▶ _RECORDS FOR PROCESSING_
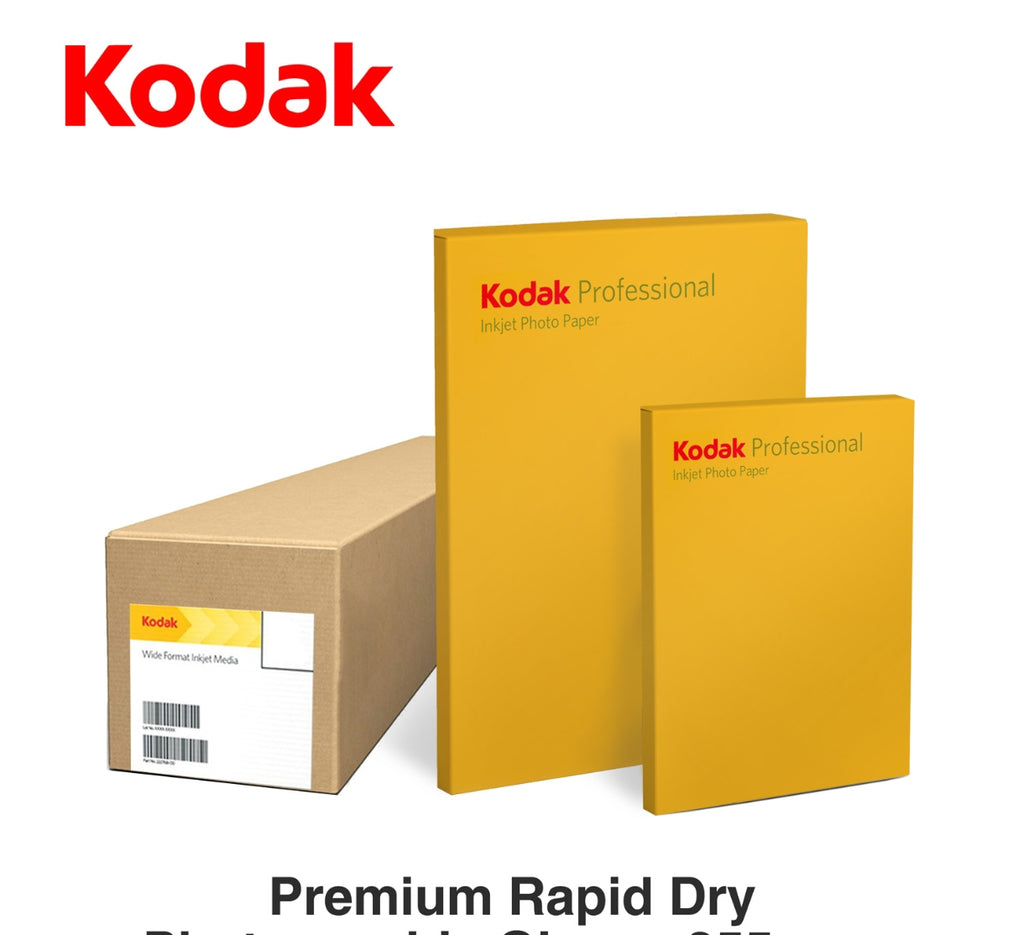 Black & White Ultra Premium Pro Photo Prints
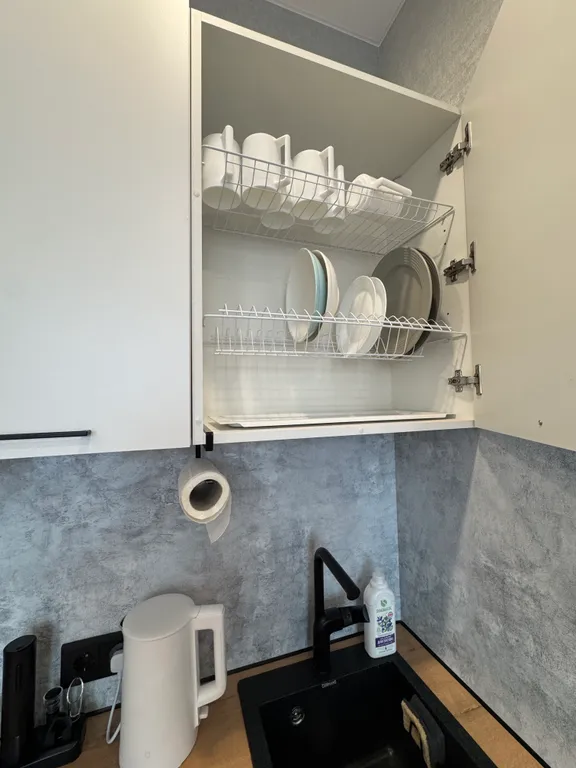 Квартира Квартира Уютная студия в центре города — Ярославль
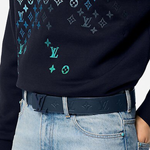 Пояс LOUIS VUITTON 4CM, M8663U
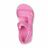 Sandálias Infantis Skechers Lighted Molded Top Cor de Rosa 35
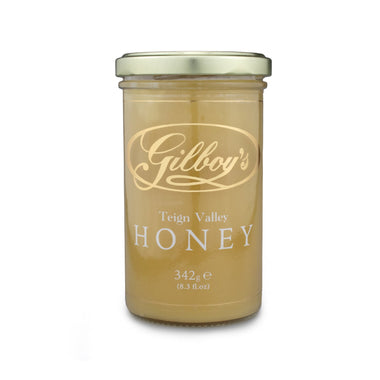 Gilboys Teign Valley Set Honey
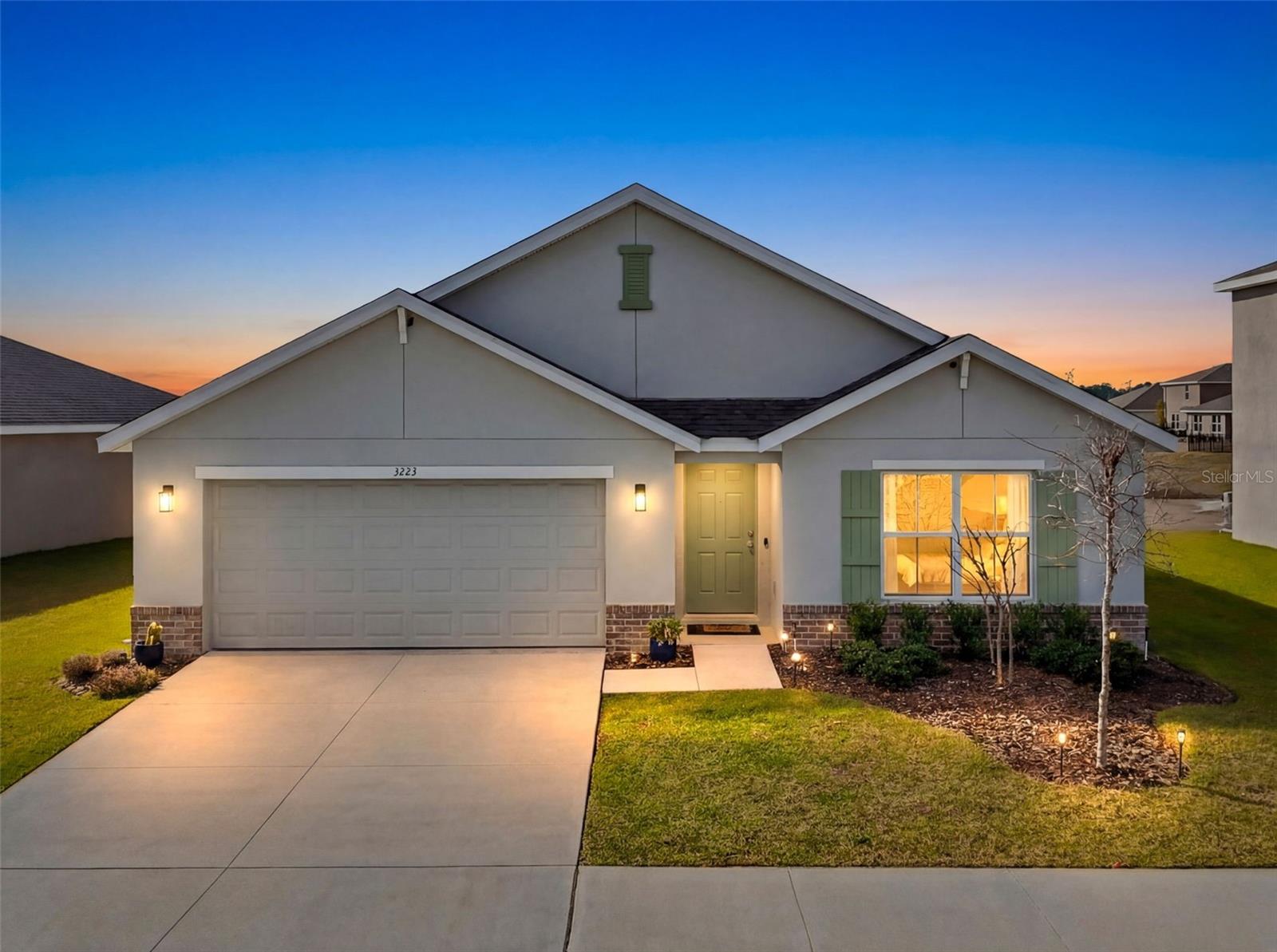 Details for 3223 Evenmore Way, WILDWOOD, FL 34785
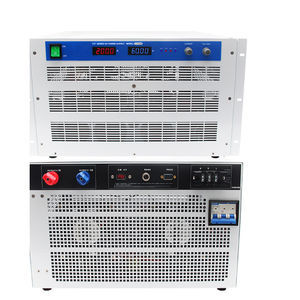 alimentation électrique rackable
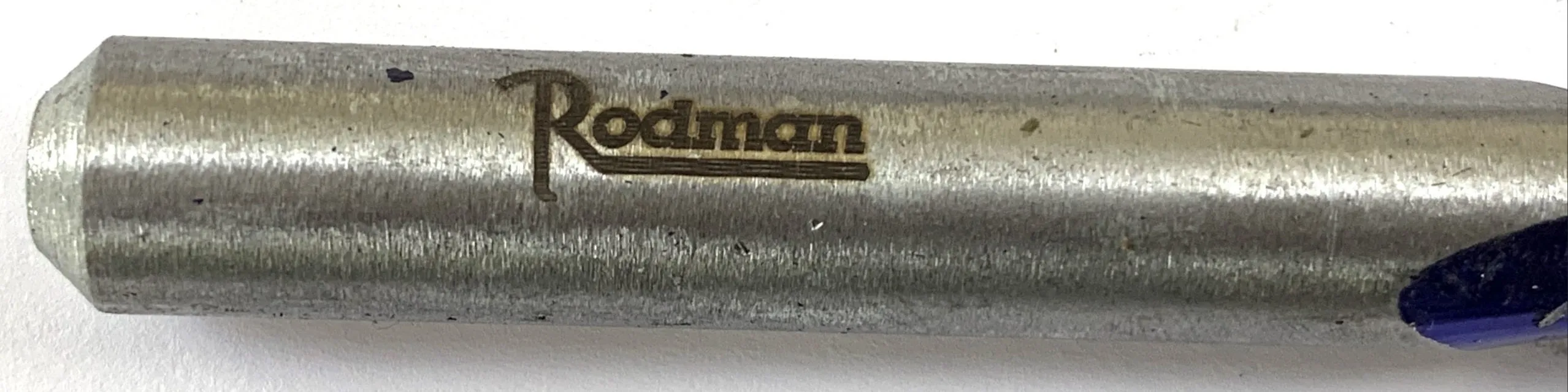 Rodman Multipurpose Drill Bits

▶ _EXERCISE GOAL_
Everything in the material except the pictures should be output verbatim.

▶ _RESULT OF THIS EXERCISE_
 Black & White Ultra Premium Pro Photo Prints
 Квартира Квартира Уютная студия в центре города — Ярославль
 Пояс LOUIS VUITTON 4CM, M8663U
 Sandálias Infantis Skechers Lighted Molded Top Cor de Rosa 35
 Gilboys Teign Valley Set Honey
 Details for 3223 Evenmore Way, WILDWOOD, FL 34785
 alimentation électrique rackable
 Rodman Multipurpose Drill Bits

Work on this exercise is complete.